**Work item**
Take every line from the listing below that contains "Yellow".

**Source data**
-=-=-=-=-

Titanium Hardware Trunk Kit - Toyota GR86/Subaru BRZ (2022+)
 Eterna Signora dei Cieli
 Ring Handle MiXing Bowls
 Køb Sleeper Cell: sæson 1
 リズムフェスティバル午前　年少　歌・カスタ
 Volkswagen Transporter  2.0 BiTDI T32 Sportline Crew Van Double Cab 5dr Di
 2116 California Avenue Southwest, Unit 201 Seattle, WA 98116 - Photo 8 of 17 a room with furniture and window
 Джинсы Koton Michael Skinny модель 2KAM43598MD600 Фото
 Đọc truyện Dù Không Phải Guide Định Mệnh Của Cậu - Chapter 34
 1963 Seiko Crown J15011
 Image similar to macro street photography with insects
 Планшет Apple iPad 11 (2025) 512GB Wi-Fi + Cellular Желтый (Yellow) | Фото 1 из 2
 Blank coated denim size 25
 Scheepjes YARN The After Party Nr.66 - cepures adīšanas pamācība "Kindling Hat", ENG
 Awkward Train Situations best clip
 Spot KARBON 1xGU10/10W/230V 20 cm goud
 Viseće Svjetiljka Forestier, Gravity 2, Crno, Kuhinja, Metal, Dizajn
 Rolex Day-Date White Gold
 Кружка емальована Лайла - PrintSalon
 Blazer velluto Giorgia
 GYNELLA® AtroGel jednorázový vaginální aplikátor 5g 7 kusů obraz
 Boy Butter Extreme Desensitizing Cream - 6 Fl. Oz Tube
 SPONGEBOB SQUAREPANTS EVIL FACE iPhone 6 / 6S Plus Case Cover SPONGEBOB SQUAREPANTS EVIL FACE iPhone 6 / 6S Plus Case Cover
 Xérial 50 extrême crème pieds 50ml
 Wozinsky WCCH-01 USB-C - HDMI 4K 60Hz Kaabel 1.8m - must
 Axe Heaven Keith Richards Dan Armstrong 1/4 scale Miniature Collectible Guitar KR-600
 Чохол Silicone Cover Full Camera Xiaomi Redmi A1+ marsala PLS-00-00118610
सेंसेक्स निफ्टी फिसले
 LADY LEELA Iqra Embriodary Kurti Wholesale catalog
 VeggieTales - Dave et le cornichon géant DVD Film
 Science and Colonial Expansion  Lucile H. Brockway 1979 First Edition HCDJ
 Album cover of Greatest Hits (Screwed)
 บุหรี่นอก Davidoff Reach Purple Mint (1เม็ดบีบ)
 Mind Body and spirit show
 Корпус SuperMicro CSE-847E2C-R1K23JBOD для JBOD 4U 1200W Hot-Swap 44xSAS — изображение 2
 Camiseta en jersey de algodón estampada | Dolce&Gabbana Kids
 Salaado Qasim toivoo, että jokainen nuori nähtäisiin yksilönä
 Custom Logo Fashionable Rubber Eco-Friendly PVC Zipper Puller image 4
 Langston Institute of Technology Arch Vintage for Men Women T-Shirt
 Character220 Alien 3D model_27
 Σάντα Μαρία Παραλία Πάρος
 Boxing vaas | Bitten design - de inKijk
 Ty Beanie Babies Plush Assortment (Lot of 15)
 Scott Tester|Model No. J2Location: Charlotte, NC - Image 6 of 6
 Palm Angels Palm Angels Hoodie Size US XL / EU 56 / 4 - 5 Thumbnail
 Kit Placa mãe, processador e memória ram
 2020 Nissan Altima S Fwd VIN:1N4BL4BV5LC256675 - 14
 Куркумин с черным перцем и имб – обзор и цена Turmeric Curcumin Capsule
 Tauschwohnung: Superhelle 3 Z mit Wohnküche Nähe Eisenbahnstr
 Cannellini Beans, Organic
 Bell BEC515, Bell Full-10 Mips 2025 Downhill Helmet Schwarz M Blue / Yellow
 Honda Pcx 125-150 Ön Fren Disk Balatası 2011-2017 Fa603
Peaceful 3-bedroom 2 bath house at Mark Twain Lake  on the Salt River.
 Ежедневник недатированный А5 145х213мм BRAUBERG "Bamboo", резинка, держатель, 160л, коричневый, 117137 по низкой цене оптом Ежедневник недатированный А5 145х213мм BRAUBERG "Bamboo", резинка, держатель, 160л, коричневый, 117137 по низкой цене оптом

-=-=-=-=-

**Response to this task**
 Планшет Apple iPad 11 (2025) 512GB Wi-Fi + Cellular Желтый (Yellow) | Фото 1 из 2
 Bell BEC515, Bell Full-10 Mips 2025 Downhill Helmet Schwarz M Blue / Yellow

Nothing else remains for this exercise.